Will look at this solution too once I get her.. I am tall and lean, so not too worried about the space between me and wheel. 

thanks for the help


----------



## Too Many Projects (Nov 15, 2008)

Welcome to the forum.
There are seat "extenders" for sale on ebay, and I'd imagine from restoration sources, that bolt to the floor and the seat to move it back. NO drilling/fabricating required. Can't find the link right now. I'll post when I come across it.


----------



## Pontiacdude (May 4, 2011)

I had same problem with my 68. I saw those extenders on ebay and they were so simple to make. And if you make your own, you can make them longer or shorter if needed. Mine worked out great.


----------



## Too Many Projects (Nov 15, 2008)

Pontiacdude said:


> I had same problem with my 68. I saw those extenders on ebay and they were so simple to make. And if you make your own, you can make them longer or shorter if needed. Mine worked out great.

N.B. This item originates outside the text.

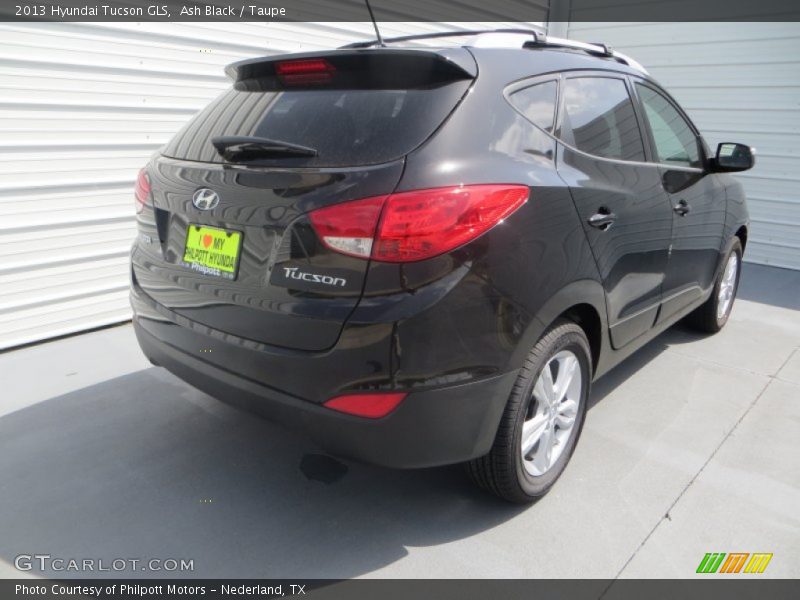 Ash Black / Taupe 2013 Hyundai Tucson GLS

That would be the way to go if he has the tools/materials/facility to make them himself....:cool


----------



## jigaway (Jul 2, 2011)

Thanks gain for the further suggestions. I have an <excellent> machine shop nearby. A friend there does brilliant work and I think this would be perfect for him.. If someone could post a picture of a good fabrication, or a link to the seat extenders, that would be super. 

Many thanks. Sucks sometimes to be tall! One shold be totally kicked back and taking it all in when driving the greatest car of all time:cool

Dan


----------



## Eric Animal (Oct 28, 2007)

I'm only 6'1"....my head hits the headliner if I sit straight in a new Cumaro...:lol:


----------



## ALKYGTO (Mar 29, 2010)

Get a convertible..... :lol:


----------



## jigaway (Jul 2, 2011)

Found this. Looks straight forward and easy.

Seat Track Extension Install - How to increase leg room in your classic car

Dan


----------



## ppurfield001 (Jan 21, 2008)

jigaway said:


> Thanks gain for the further suggestions. I have an <excellent> machine shop nearby. A friend there does brilliant work and I think this would be perfect for him.. If someone could post a picture of a good fabrication, or a link to the seat extenders, that would be super.
> 
> Many thanks. Sucks sometimes to be tall! One shold be totally kicked back and taking it all in when driving the greatest car of all time:cool.
> 
> ...




I'm 6'9" and understand your frustration. I had 2005 GTO seats installed in my 1967 GTO and had them set back so far that I have to move the driver's seat up a little to reach the pedals (just for the hell of it). First time in my life that has happened........Good luck with your project.


----------



## Eric Animal (Oct 28, 2007)

Hey Paul, How have you been?? Eric:seeya:


----------



## Pontiacpurebrred (Jun 22, 2011)

ppurfield001 said:


> I'm 6'9" and understand your frustration. I had 2005 GTO seats installed in my 1967 GTO and had them set back so far that I have to move the driver's seat up a little to reach the pedals (just for the hell of it). First time in my life that has happened........Good luck with your project.


I am wanting to do a full custom interior in my 69 Custom-S to GTO resto-mod. I have looked at several options for new seats but I am definitely going with heated electric seats and I am wondering, when you installed the modern GTO seats did you use existing mounting holes in the floorboard or did you drill new ones? I was under the car yesterday when we were pulling the auto shifter and linkage and it's easy to see the stock mounting plates and it's obvious they are reinforced. What I am wondering is can I just weld some reinforcement in there and mount whatever seats I get safely and securely? I won't be modding the seat belts, so they will still be solidly attached, but I would like the security of knowing the seats are in there as solidly as was intended from the factory. 

Thanks,
S


----------



## Eric Animal (Oct 28, 2007)

S, I am in the process of doing a 67 resto-modo-frankensteino right now.....the FRONT seats are very compatable with our cars. The REAR seats need a lot of mods. The 2004-06 GTO seat tracks need to be modified and lowered to fit the A body floor. The mounting pionts at the floor must be moved(and reinforced), or adaptor brakets fabricated. Not too hard, but very important safety wise. Eric P.S. Also see member CRUSTYSACK's 65 GTO build.:cheers


----------